DPCat facilitates data governance for ROPA by incorporating the organisation’s structural and managerial requirements. For U1, where a ROPA has to be maintained at the organisational level, the ROPA and ROPARecord data can be maintained centrally. For U2–U4, where there are heterogeneous sources of information, and it is desirable to record them in the same manner for provenance and follow-ups, the DCAT relations enable provenance of publishers and points of contact. In contrast, ROPACatalog enables collections of related information issued by, e.g., a department or a processor.
The semantics of DCAT provides flexibility in determining how ROPA information could be organised and stored without determining a single method or structure. For example, in addition to the structuring based on organisational units and external entities, it may be desirable to keep records based on contextual information—such as specific business processes related to a product or service. This can be achieved by creating additional ROPACatalog entries representing the other collection and linking them to relevant ROPA entries. Through this, organisations can achieve multifaceted approaches in using the ROPA information without data duplication.
The use of technological solutions advocated by DPCat faces a hurdle in that the sources of information in ROPA-related workflows may not necessarily have the technical knowledge to produce consistent and valid metadata. For example, a DPO with the necessary legal knowledge does not necessarily have or is concerned with the underlying technicalities of information storage and retrieval beyond what is necessary to perform their duties. In such cases, existing information storage and management mechanisms such as databases and spreadsheets can continue to be used by DPCat being integrated into them rather than acting as a replacement. For example, using a SQL database, the information represented in its tables would utilise the DPCat as a schema with the input provided through existing means, e.g., input forms or importing spreadsheets using controlled structures. Alternatively, using an RDF-based solution such as a triple-store, the forms or spreadsheets could be converted to DPCat by utilising mappings.
We envision DPCat to be integrated into a typical workflow (i.e., U2–U4) for recording ROPA as follows. The source (e.g., department representative) generates a ROPARecord containing relevant information with provenance as the department. They use mechanisms available to them, e.g., a series of forms or a script that converts spreadsheets. This information is collated into a ROPA collection representing contextual grouping as determined by the organisational structure (e.g., maintained per department). For sources external to the organisation (e.g., a processor), the provided information is similarly stored in dedicated ROPA and ROPARecord entries and optionally integrated directly into relevant datasets (e.g., controller listing processor’s technical measures in its ROPA). This can use technological solutions such as a database or a portal. To facilitate the structuring of ROPA records in an organised manner, ROPACatalog entries are used to collect and group ROPA entries according to some criteria, e.g., temporal period, legal counsel, or responsible managers.
5.3. Using DPCat for Querying and
DPCat supports and enables a wide assortment of queries and validation approaches that utilise its metadata-based structure to perform information retrieval and verification tasks. DPCat can be a vital tool in technological solutions used for compliance-related processes through these. This section presents a few examples of queries and validation tasks that motivate the use of DPCat in an organisation’s ROPA-related processes.

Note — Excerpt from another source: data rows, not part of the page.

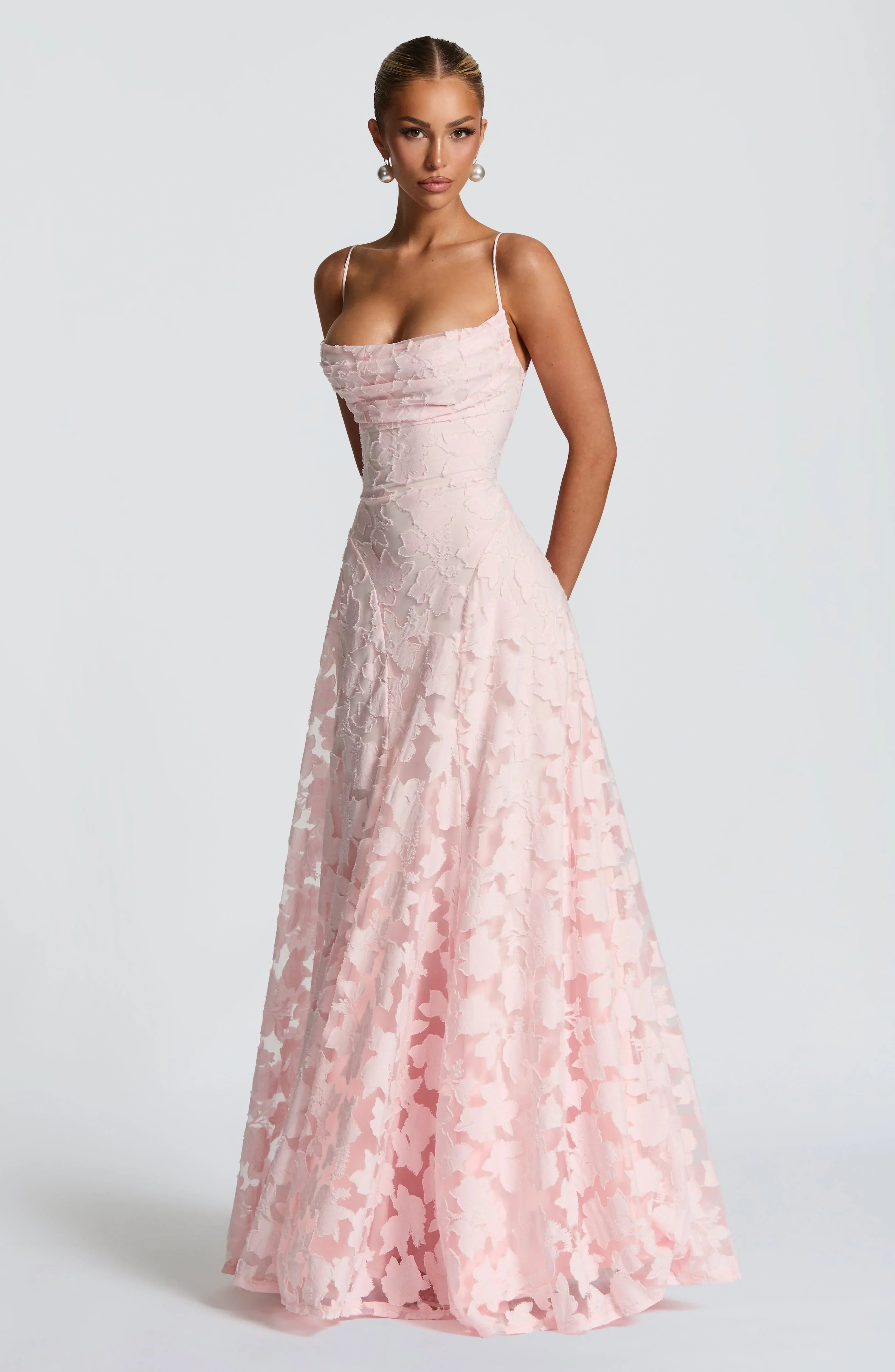 Women's Lace A-Line Maxi Dress with Thin Straps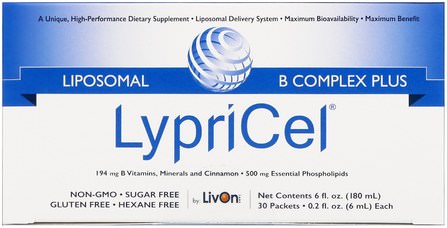 Liposomal B Complex Plus, 30 Packets, 0.2 fl oz (6 ml) Each by LypriCel, 維生素，維生素b複合物 HK 香港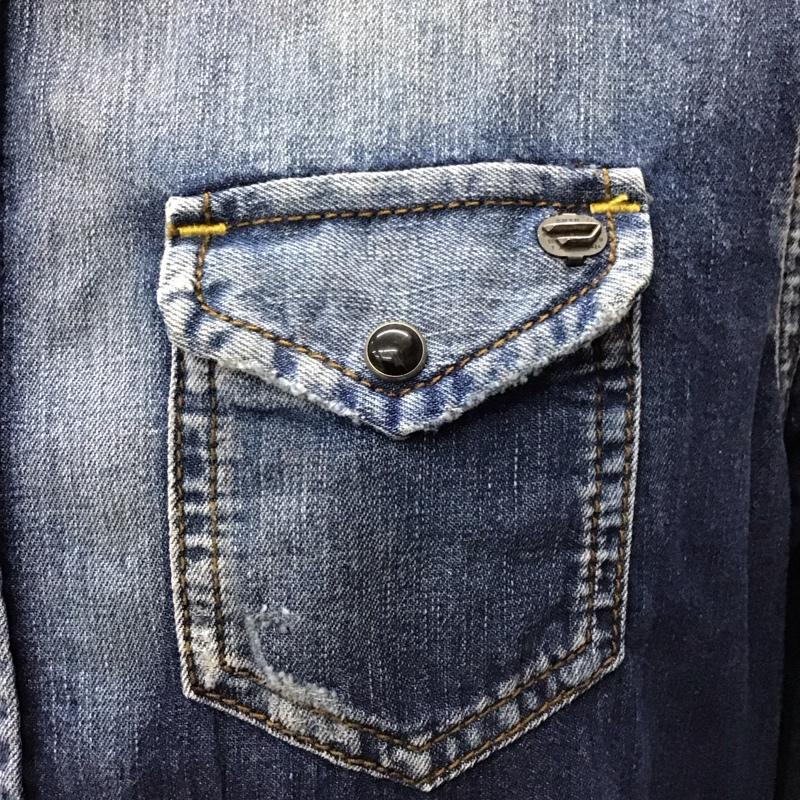 ディーゼル DIESEL シャツ、ブラウス 長袖 長袖シャツ デニムシャツ カジュアルシャツ カラーシャツ S 無地 インディゴ / インディゴ /  メンズ USED 古着 中古 10116193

A common query associated with a ROPA is retrieving the GDPR Art.30 information for a specific context such as data transfers or covering some time period. DPCat supports such queries through DCAT and DPV metadata, e.g., indicating transfer locations as dpv:DataTransfer and dpv:hasLocation and DCAT dcat:temporalPeriod to perform time-based filtering. An example of this expressed as a SPARQL query is provided in Listing 1.
Similar to querying, DPCat also supports verification and validation of information, typically ensuring or assessing compliance with the GDPR. Validation refers to whether sufficient information is available, is in the correct form and format, and is sufficient according to some requirements. Verification refers to the evaluation of the information based on some norms such as specific obligations of the GDPR.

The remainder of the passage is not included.